This is not a minor distinction. Across species, across history, across war and law and daily life, the numbers hold: men die violently at twice the rate of women. Not accident, not illness—violence. The very condition of being male places the body within the arena of aggression. To be male is to be seen as fair game for attack. But to be female—or to be perceived as such—rewrites the equation. The dominant male will attack his rivals, his threats, his competitors. But he does not attack the feminine. His instinct forbids it. His social training forbids it. His culture forbids it.
Mimesexuals insist on the opposite (that they are the targets; that their existence is perilous; that to be read as female is to invite destruction). The opposite is true. Their survival rate is higher. Their exposure to direct male aggression is lower. They claim to inhabit the most vulnerable position, yet their very presence is a strategy of evasion—of sidestepping the lethal risks that define male existence. The dominant male sees a competitor and attacks; he sees the mimic, and hesitates. That hesitation is the mimic’s shield. That shield is what allows him to live.
violence taboo
Violence has rules. Not moral rules (though they are framed that way) but instinctive ones, evolutionary ones, social ones. Across species, dominant males fight each other for access—territory, mates, standing. The price of losing is exclusion, injury, death. The price of winning is constant exposure to the next challenge. It is a cycle, a structure that repeats itself. But within this structure, a prohibition emerges: males attack males, but males do not attack females.

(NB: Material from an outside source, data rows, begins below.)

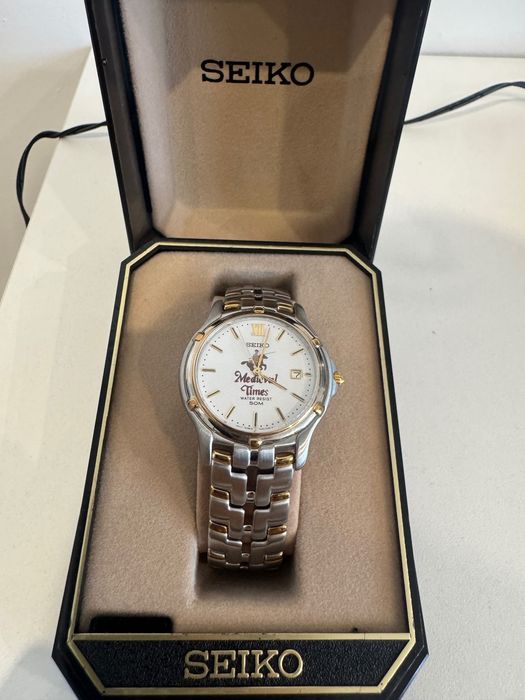 Seiko Medieval Times Vintage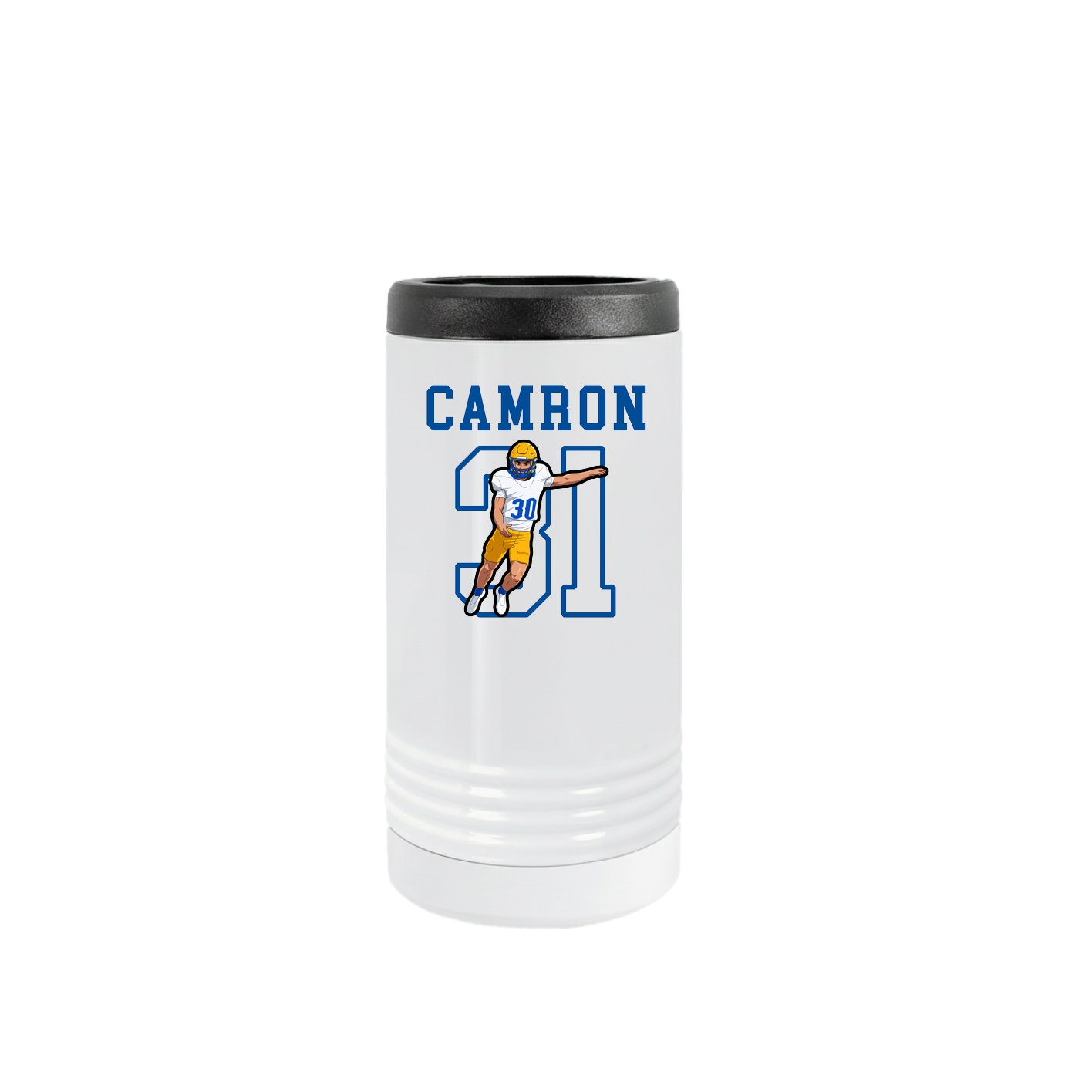 Slim Beverage Holder — Shirsey in White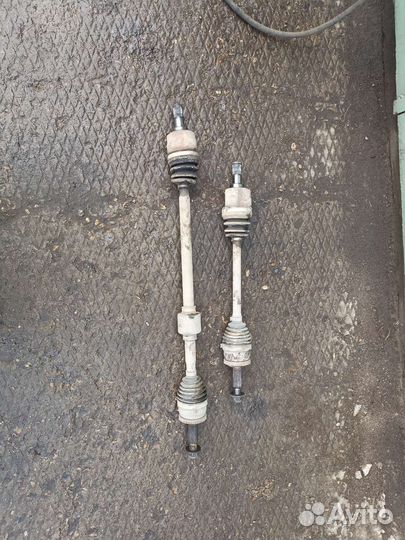 Привод передний левый правый solaris 1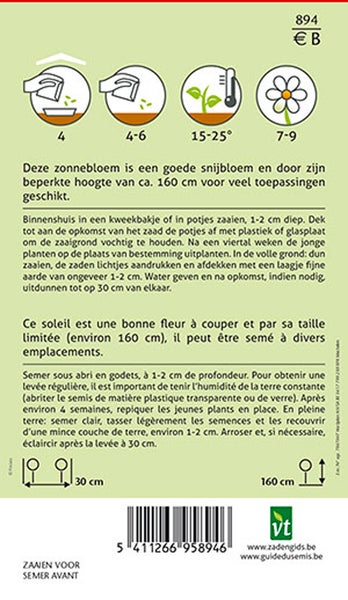 Informationen zur Aussaat von Blumensamen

Why? Not out of kindness. Not out of morality. Out of necessity. The reproductive economy is ruthless—females are the limiting resource, the bottleneck through which survival must pass. A system in which males routinely attacked and killed females would be an evolutionary dead end. And so, selection pressures enforce restraint. A dominant male may control, possess, even harm a female, but he does not annihilate her. If he does, he destroys his own reproductive future. Violence is structured, not chaotic. The body knows this before the mind does.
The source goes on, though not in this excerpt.